Do you know how certain memories are filled with a type of un-categorizable emotion? Like a song in the background, but felt rather than heard? Something that marks that memory in such a way that it provides a special & unique marker? Almost like you could identify the memory just by the feeling it provides.
I used to have that only for memories of my youth; getting ready for one of my parents parties and listening to the talking heads, or playing with my transformers, or countless other childhood memories.
It's a special gift that I now have for most, if not all, of Josh's life. I watch the slideshow and relive Josh's first days. My utter fear both for him and of him. My fear that both of these children living in the NICU at a bajillion dollars a day was going to bankrupt us.
It takes me longer than Sandy to really bond with my children. I loved them all from the start, but there's the love of one's new baby (or babies) and then there's the love of a parent for their child. Sandy seems to make this transition immediately, which terrified me because God, am I such a terrible person? Josh needed more from his parents than any other child I've known, and he's my child. How is it that Sandy seems to be so in love with this child from the start, and what I'm mainly feeling is trepidation?
But here's the secret: A child with special needs is an amazing gift. Every tiny, insignificant accomplishment of theirs makes you squeal with joy. I can't begin to explain the joy I felt at his first real big smile. I thank God that is on video, and I can watch it whenever I want.
I want to share a couple of my memories of Josh with you all -- maybe we can relive some of his life together.

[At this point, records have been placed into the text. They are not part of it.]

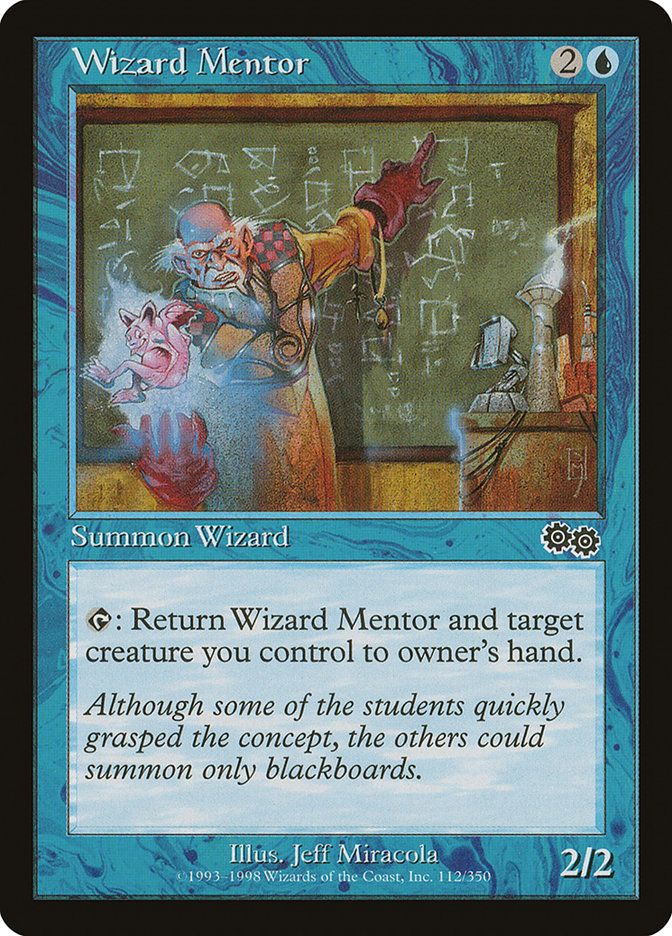 Carta MTG-Wizard Mentor-Saga di Urza-N.112-EN-Good-Common
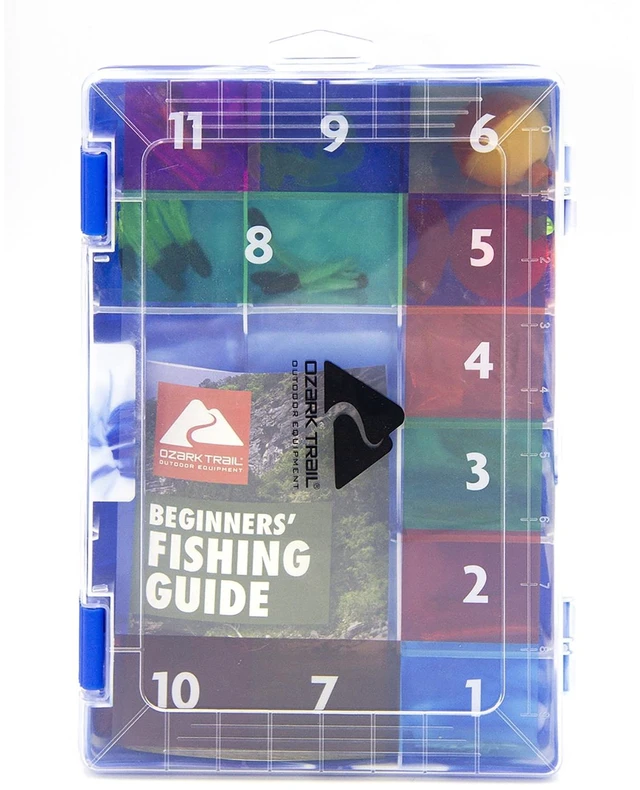 Main image of Ozark Trail Beginner's Fishing Kit with Assorted Tackle, Bobbers, Hooks and Accessories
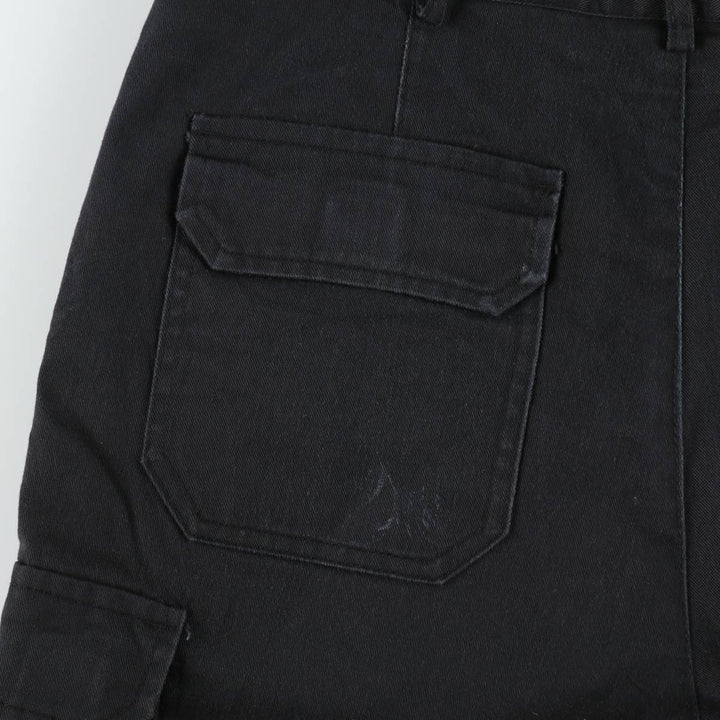 Dickies cargo shorts, half pants, men's size w36 polyester black type Vintage Second Hand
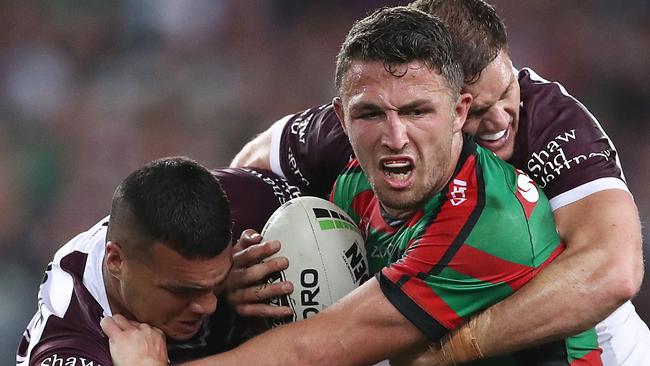 Retired Souths star Sam Burgess is Harry Wilson’s inspiration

When Christy, Sandy's sister, first saw Josh laying there in his little bed (was it the incubator or the warmer bed? I don't know anymore) her eyes welled up with tears and she brought her hand to her mouth as she said "He's precious". I love her for that. It makes me cry just thinking of it, and I will always hold this memory close to my heart.
That's the thing: If I had only known how beautiful he was at that moment, much of Josh's earlier days would have been so much easier for me. Sandy always talks about how cute his ears were. How she loved that one was decidedly heart shaped. I couldn't see that beauty when he was born, although I saw it later and ache for it now. If I ever get a chance to speak with a family who've just had a CHARGE baby (or anything else), I will do my absolute best to show them just how beautiful that child is.
When we starting talking about the possiblity of Josh's homecoming, I had the idea to make Eddie Money's "Take Me Home Tonight" the soundtrack of his trip home. I can't hear that song without thinking of the drive home with Josh & Sandy in the back seat with the stereo blasting. Josh was finally coming home to sleep in his room and meet Java. It's kinda funny now to think of it, but Java really didn't seem to care too much for yet another baby living with us. I love Java, but man she is dumb sometimes.
One of my main motivations for writing this entry is to help me remember Josh. I remember the day after Josh died, Sandy and I were sitting on the floor in our kitchen crying and talking about him. I told her I was afraid of forgetting him -- his smell, his mannerisms, his face. I've already forgotten his smell, and it's like an aftershock of his death. For a long time I would hunt around the house smelling stuff just to try to find him again, but its gone.
Again, our diligence in documenting his life with video & pictures is a blessing. I never have to forget his face or the way he moved. I never have to forget his cough (oddly important to me), and I never have to forget how I used to gently stroke his head.
I hope above all that I always remember the things Josh taught me. Of utmost importance is this: Love really does overcome all. I still feel Josh's love in my life; I only hope I'm able to direct mine with enough focus to reach back to him.
I'll do another one of these in the future. There's so much more to Josh's story.